Quando se consegue visualizar as possibilidades de ocorrências dos mecanismos de pressão de forma simultânea e como cada um deles pode interferir em cada ação dos atletas, pode se ter a ideia de como é difícil para o treinador preparar os atletas para que eles possam tomar a melhor decisão em cada intervenção.
Tentemos visualizar o seguinte lance: uma equipe arma sua formação defensiva, com bloqueio triplo, na sua posição três, para tentar neutralizar uma PIPE organizada pela equipe adversária e finalizada por um atacante que está no “meio fundo”. Para realizar a referida formação defensiva, os atletas utilizam os mecanismos variabilidade, de tempo, e de pressão físico-condicional e psíquica.
Na continuidade do lance acima, podemos supor que o ataque adversário foi defendido com a bola sendo envia entre as posições 2 e 3, mas fora da rede (como um passe B). A complexidade do lance exigirá que os atacantes que fizeram o bloqueio abram, para estarem aptos para participarem do contra-ataque, e o levantador vai adequar as suas ações às características de cada um deles. Ele considerará também a distância da rede que a bola deverá ser levantada, além da altura e velocidade, considerando também o posicionamento do bloqueio adversário, o momento e o histórico do jogo.
O quadro acima(1) é um instrumento para que treinadores possam planejar um treinamento para o bom equacionamento dos mecanismos de pressão que poderão ocorrer em determinadas situações do jogo. O objetivo é que se possa identificar o quanto cada um deles deve interferir em cada uma das ações, e reproduzi-las nas sessões de treino. Para ter sucesso, o treinador precisa conhecer voleibol a ponto de identificar, com clareza, os processos de elaboração das informações aferentes e eferentes que deverão surgir nas tomadas de decisões de cada atleta. Também deverão ser identificados os prováveis mecanismos de pressão que poderão estar presentes, bem como a magnitude de cada um deles.

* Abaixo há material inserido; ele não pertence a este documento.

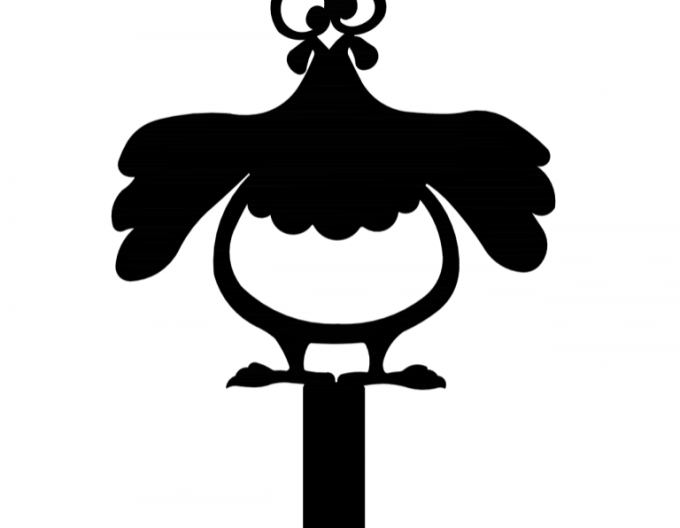 Záhradný zápich – sliepka 30cm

Vimos então que todos os mecanismos de pressão entrarão como possíveis fatores de limitação das performances dos atletas. Uns com maior ou menor interferência, como mostra o quadro sobre a especificidade das situações-problema criadas pela variabilidade do jogo. Cabe ao treinador avaliar e prever, o quanto cada um dos mecanismos de pressão vai se manifestar em cada atleta, a cada momento e na sua equipe. Simulações com a presença deles deve ser constante nas sessões de treinos, para que os atletas estejam acostumados com elas, e as tomadas de decisões com eficácia surjam com frequência e naturalidade. Quando isso é treinado, diminuem-se as imprevisibilidades que deverão ocorrer nos jogos, o que reflete o bom trabalho da Comissão Técnica da equipe. Trata-se de uma arte! (3)
Finalizando, não se pode deixar de citar que a formação adequada dos atletas também é fator determinante para que se possa ter atletas de voleibol experts. Crescimento harmonioso e repertório motor rico, amplo e variado, farão toda a diferença para o sucesso de forma qualitativa e quantitativa no sucesso futuro de sua carreira.
Referências:
(1)GRECO, Pablo Juan. Iniciação Esportiva Universal. Editora UFMG. 1998.
(2)MATIAS, Cristino Julio; GRECO, Pablo Juan. Cognição & ação nos jogos esportivos coletivos. Ciências & Cognição, v. 15, n. 1, p. 252-271, 2010.
(3)BOJIKIAN, João Crisóstomo Marcondes; BOJIKIAN, Luciana Perez. O atleta de voleibol protagonista: o papel da competição no processo de formação. Disponível em www.academiadovoleibol.com.br. Acesso em 06/2025.